I have been in previous violent relationships. My father and brother were also somewhat abusive throughout my childhood. So I've always been slightly skittish around DH, which annoys him at times b/c he'd never hurt me.
Well, over the past couple of months he's been a bit more...violent. He gets angrier easier and yells more. A couple of weeks ago we were in the car and he threw his fries at the windshield (he was driving.) Then when he question me on something and I got mad and tried to walk outside for a smoke, he grabbed me by the arm rather tightly. He did it again a few minutes later. He apologized for both things and we both agreed it was probably due to stress (his mother and I don't get along and were in a sort of power struggle over my DD (born in Feb), which he was in the middle of.

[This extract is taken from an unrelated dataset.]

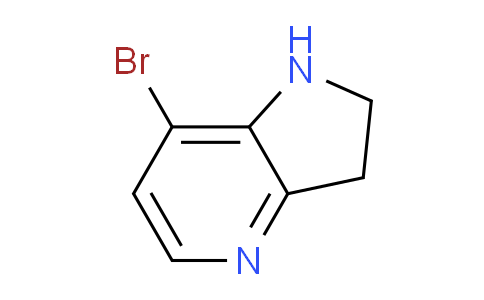 DY714223 | 1824288-41-6 | 7-bromo-2,3-dihydro-1H-pyrrolo[3,2-b]pyridine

Well, tonight we were at a friend's house playing a game and he kept saying mean things about me like "You know she isn't trying" and "She sucks at this" and "Come *on* darlin!" and I wasn't even on his team!! So I started to get irritated and would pop him in his male spot. It was immature of me, but I felt uncomfotable asking him to stop in front of people and didn't know how else to ask him to stop. Then, after the second time I popped him, he looked at me (smiling, but I could tell it was an angry and trying to hide it smile) and punched me in the leg, really hard. I have a bruise from it.
Is he getting a bit too violent?? What should I do? (other than stop hitting him in the balls)

You are embarrassed to ask your husband to stop needling you in public, but have no difficulty hitting him in his genitals? I'm at a loss.
Anytime your husband says unkind things, grabs you, and especially when he hurts you physically, he is behaving badly, and there will be a lot of very intelligent women along presently to tell you more about that. However, you are not blameless here. If your husband should not hit you, then you shouldn't hit him, either.
Since you grew up with an abusive father, I am wondering if you regard abusive behavior as an acceptable form of attention, on some level, and if you are riding your husband until he displays the behaviors you're expecting. I don't know if that even makes sense, psychologically, but I DO know that the two of you need to improve your communication skills.